Data entries
* * * * *

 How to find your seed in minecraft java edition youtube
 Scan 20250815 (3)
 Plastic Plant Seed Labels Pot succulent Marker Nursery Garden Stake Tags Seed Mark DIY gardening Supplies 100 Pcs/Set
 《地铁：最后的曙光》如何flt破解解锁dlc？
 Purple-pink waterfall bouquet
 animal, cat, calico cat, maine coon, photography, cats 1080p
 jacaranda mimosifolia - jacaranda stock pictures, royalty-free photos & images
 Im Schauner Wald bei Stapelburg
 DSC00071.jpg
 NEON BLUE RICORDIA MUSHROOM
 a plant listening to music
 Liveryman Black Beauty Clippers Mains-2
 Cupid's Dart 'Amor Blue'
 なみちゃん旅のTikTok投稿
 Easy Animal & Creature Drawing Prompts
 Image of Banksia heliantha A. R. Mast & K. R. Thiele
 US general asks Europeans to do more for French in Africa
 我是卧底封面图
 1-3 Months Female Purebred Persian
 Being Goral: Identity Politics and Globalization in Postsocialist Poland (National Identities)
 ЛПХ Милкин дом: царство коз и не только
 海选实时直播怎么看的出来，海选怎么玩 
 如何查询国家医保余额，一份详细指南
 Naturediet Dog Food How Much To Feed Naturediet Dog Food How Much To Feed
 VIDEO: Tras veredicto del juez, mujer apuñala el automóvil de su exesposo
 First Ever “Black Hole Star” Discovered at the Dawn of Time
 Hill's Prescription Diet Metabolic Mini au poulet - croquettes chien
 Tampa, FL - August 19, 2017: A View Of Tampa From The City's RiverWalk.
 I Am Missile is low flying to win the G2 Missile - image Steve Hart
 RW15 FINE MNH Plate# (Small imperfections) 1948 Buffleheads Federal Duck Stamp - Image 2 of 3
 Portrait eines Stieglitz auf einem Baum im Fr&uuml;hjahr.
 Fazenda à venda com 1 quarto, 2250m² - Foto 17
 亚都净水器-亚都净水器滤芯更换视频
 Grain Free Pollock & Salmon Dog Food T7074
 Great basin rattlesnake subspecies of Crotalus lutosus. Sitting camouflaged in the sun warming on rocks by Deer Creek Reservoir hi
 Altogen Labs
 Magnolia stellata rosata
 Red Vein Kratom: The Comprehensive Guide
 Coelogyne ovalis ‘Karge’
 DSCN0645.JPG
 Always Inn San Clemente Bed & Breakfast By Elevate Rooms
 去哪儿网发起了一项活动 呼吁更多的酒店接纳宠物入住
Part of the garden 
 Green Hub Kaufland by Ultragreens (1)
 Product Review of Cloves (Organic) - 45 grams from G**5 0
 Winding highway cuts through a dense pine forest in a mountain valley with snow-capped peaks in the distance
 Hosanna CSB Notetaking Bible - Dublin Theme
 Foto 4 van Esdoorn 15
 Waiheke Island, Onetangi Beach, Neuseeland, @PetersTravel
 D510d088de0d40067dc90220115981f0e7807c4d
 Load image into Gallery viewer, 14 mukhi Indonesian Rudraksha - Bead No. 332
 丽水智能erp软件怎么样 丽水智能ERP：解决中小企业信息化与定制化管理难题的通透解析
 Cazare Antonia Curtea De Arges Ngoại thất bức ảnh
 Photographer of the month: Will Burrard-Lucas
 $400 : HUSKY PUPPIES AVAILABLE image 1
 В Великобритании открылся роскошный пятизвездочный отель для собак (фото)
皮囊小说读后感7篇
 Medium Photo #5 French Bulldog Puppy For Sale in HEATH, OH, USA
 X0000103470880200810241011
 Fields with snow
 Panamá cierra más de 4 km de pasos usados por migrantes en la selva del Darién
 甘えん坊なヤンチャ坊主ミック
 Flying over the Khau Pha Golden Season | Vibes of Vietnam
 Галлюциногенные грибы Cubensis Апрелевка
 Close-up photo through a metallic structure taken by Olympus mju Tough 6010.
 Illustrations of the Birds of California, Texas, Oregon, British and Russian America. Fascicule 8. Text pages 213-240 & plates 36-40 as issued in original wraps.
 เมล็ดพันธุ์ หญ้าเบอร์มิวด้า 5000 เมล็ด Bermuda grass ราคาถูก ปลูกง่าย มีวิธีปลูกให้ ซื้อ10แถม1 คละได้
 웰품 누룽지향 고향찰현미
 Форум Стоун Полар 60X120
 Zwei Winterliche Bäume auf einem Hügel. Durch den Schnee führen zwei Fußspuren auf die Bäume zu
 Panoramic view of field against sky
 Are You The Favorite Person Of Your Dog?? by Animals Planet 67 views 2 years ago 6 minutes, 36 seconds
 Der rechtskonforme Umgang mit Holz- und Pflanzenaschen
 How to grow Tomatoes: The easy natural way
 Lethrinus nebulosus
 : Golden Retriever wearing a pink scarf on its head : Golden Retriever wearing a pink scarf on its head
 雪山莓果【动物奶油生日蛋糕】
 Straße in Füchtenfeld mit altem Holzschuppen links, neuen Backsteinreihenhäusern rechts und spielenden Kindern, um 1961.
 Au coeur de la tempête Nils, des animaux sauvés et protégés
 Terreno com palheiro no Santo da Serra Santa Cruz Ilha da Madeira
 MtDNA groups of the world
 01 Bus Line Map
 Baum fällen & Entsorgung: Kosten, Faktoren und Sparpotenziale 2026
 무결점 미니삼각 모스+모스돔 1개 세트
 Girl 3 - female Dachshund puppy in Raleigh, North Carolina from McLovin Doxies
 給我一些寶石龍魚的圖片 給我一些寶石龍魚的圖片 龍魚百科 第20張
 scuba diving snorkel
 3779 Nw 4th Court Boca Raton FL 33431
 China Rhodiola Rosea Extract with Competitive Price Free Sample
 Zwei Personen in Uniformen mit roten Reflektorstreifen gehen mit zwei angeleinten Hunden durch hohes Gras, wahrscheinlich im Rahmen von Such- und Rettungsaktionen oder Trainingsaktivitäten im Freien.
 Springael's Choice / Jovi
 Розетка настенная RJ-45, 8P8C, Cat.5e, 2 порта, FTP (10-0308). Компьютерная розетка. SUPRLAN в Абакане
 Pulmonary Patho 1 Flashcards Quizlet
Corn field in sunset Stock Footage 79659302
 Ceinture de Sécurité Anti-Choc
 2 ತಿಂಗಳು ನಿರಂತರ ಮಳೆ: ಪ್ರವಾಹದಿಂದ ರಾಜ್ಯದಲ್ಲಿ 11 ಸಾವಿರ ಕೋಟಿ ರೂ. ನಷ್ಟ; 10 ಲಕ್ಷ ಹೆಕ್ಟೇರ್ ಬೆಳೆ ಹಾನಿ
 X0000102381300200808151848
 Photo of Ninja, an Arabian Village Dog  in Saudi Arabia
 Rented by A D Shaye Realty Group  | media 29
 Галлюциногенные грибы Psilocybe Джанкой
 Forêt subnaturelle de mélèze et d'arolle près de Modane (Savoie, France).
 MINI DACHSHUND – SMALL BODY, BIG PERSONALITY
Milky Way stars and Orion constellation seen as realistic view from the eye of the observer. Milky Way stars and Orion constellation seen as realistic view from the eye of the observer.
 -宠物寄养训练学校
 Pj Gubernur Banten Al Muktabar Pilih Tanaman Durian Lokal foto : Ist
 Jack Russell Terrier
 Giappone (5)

* * * * *

Go through the records above and write each one out again exactly.

 How to find your seed in minecraft java edition youtube
 Scan 20250815 (3)
 Plastic Plant Seed Labels Pot succulent Marker Nursery Garden Stake Tags Seed Mark DIY gardening Supplies 100 Pcs/Set
 《地铁：最后的曙光》如何flt破解解锁dlc？
 Purple-pink waterfall bouquet
 animal, cat, calico cat, maine coon, photography, cats 1080p
 jacaranda mimosifolia - jacaranda stock pictures, royalty-free photos & images
 Im Schauner Wald bei Stapelburg
 DSC00071.jpg
 NEON BLUE RICORDIA MUSHROOM
 a plant listening to music
 Liveryman Black Beauty Clippers Mains-2
 Cupid's Dart 'Amor Blue'
 なみちゃん旅のTikTok投稿
 Easy Animal & Creature Drawing Prompts
 Image of Banksia heliantha A. R. Mast & K. R. Thiele
 US general asks Europeans to do more for French in Africa
 我是卧底封面图
 1-3 Months Female Purebred Persian
 Being Goral: Identity Politics and Globalization in Postsocialist Poland (National Identities)
 ЛПХ Милкин дом: царство коз и не только
 海选实时直播怎么看的出来，海选怎么玩 
 如何查询国家医保余额，一份详细指南
 Naturediet Dog Food How Much To Feed Naturediet Dog Food How Much To Feed
 VIDEO: Tras veredicto del juez, mujer apuñala el automóvil de su exesposo
 First Ever “Black Hole Star” Discovered at the Dawn of Time
 Hill's Prescription Diet Metabolic Mini au poulet - croquettes chien
 Tampa, FL - August 19, 2017: A View Of Tampa From The City's RiverWalk.
 I Am Missile is low flying to win the G2 Missile - image Steve Hart
 RW15 FINE MNH Plate# (Small imperfections) 1948 Buffleheads Federal Duck Stamp - Image 2 of 3
 Portrait eines Stieglitz auf einem Baum im Fr&uuml;hjahr.
 Fazenda à venda com 1 quarto, 2250m² - Foto 17
 亚都净水器-亚都净水器滤芯更换视频
 Grain Free Pollock & Salmon Dog Food T7074
 Great basin rattlesnake subspecies of Crotalus lutosus. Sitting camouflaged in the sun warming on rocks by Deer Creek Reservoir hi
 Altogen Labs
 Magnolia stellata rosata
 Red Vein Kratom: The Comprehensive Guide
 Coelogyne ovalis ‘Karge’
 DSCN0645.JPG
 Always Inn San Clemente Bed & Breakfast By Elevate Rooms
 去哪儿网发起了一项活动 呼吁更多的酒店接纳宠物入住
Part of the garden 
 Green Hub Kaufland by Ultragreens (1)
 Product Review of Cloves (Organic) - 45 grams from G**5 0
 Winding highway cuts through a dense pine forest in a mountain valley with snow-capped peaks in the distance
 Hosanna CSB Notetaking Bible - Dublin Theme
 Foto 4 van Esdoorn 15
 Waiheke Island, Onetangi Beach, Neuseeland, @PetersTravel
 D510d088de0d40067dc90220115981f0e7807c4d
 Load image into Gallery viewer, 14 mukhi Indonesian Rudraksha - Bead No. 332
 丽水智能erp软件怎么样 丽水智能ERP：解决中小企业信息化与定制化管理难题的通透解析
 Cazare Antonia Curtea De Arges Ngoại thất bức ảnh
 Photographer of the month: Will Burrard-Lucas
 $400 : HUSKY PUPPIES AVAILABLE image 1
 В Великобритании открылся роскошный пятизвездочный отель для собак (фото)
皮囊小说读后感7篇
 Medium Photo #5 French Bulldog Puppy For Sale in HEATH, OH, USA
 X0000103470880200810241011
 Fields with snow
 Panamá cierra más de 4 km de pasos usados por migrantes en la selva del Darién
 甘えん坊なヤンチャ坊主ミック
 Flying over the Khau Pha Golden Season | Vibes of Vietnam
 Галлюциногенные грибы Cubensis Апрелевка
 Close-up photo through a metallic structure taken by Olympus mju Tough 6010.
 Illustrations of the Birds of California, Texas, Oregon, British and Russian America. Fascicule 8. Text pages 213-240 & plates 36-40 as issued in original wraps.
 เมล็ดพันธุ์ หญ้าเบอร์มิวด้า 5000 เมล็ด Bermuda grass ราคาถูก ปลูกง่าย มีวิธีปลูกให้ ซื้อ10แถม1 คละได้
 웰품 누룽지향 고향찰현미
 Форум Стоун Полар 60X120
 Zwei Winterliche Bäume auf einem Hügel. Durch den Schnee führen zwei Fußspuren auf die Bäume zu
 Panoramic view of field against sky
 Are You The Favorite Person Of Your Dog?? by Animals Planet 67 views 2 years ago 6 minutes, 36 seconds
 Der rechtskonforme Umgang mit Holz- und Pflanzenaschen
 How to grow Tomatoes: The easy natural way
 Lethrinus nebulosus
 : Golden Retriever wearing a pink scarf on its head : Golden Retriever wearing a pink scarf on its head
 雪山莓果【动物奶油生日蛋糕】
 Straße in Füchtenfeld mit altem Holzschuppen links, neuen Backsteinreihenhäusern rechts und spielenden Kindern, um 1961.
 Au coeur de la tempête Nils, des animaux sauvés et protégés
 Terreno com palheiro no Santo da Serra Santa Cruz Ilha da Madeira
 MtDNA groups of the world
 01 Bus Line Map
 Baum fällen & Entsorgung: Kosten, Faktoren und Sparpotenziale 2026
 무결점 미니삼각 모스+모스돔 1개 세트
 Girl 3 - female Dachshund puppy in Raleigh, North Carolina from McLovin Doxies
 給我一些寶石龍魚的圖片 給我一些寶石龍魚的圖片 龍魚百科 第20張
 scuba diving snorkel
 3779 Nw 4th Court Boca Raton FL 33431
 China Rhodiola Rosea Extract with Competitive Price Free Sample
 Zwei Personen in Uniformen mit roten Reflektorstreifen gehen mit zwei angeleinten Hunden durch hohes Gras, wahrscheinlich im Rahmen von Such- und Rettungsaktionen oder Trainingsaktivitäten im Freien.
 Springael's Choice / Jovi
 Розетка настенная RJ-45, 8P8C, Cat.5e, 2 порта, FTP (10-0308). Компьютерная розетка. SUPRLAN в Абакане
 Pulmonary Patho 1 Flashcards Quizlet
Corn field in sunset Stock Footage 79659302
 Ceinture de Sécurité Anti-Choc
 2 ತಿಂಗಳು ನಿರಂತರ ಮಳೆ: ಪ್ರವಾಹದಿಂದ ರಾಜ್ಯದಲ್ಲಿ 11 ಸಾವಿರ ಕೋಟಿ ರೂ. ನಷ್ಟ; 10 ಲಕ್ಷ ಹೆಕ್ಟೇರ್ ಬೆಳೆ ಹಾನಿ
 X0000102381300200808151848
 Photo of Ninja, an Arabian Village Dog  in Saudi Arabia
 Rented by A D Shaye Realty Group  | media 29
 Галлюциногенные грибы Psilocybe Джанкой
 Forêt subnaturelle de mélèze et d'arolle près de Modane (Savoie, France).
 MINI DACHSHUND – SMALL BODY, BIG PERSONALITY
Milky Way stars and Orion constellation seen as realistic view from the eye of the observer. Milky Way stars and Orion constellation seen as realistic view from the eye of the observer.
 -宠物寄养训练学校
 Pj Gubernur Banten Al Muktabar Pilih Tanaman Durian Lokal foto : Ist
 Jack Russell Terrier
 Giappone (5)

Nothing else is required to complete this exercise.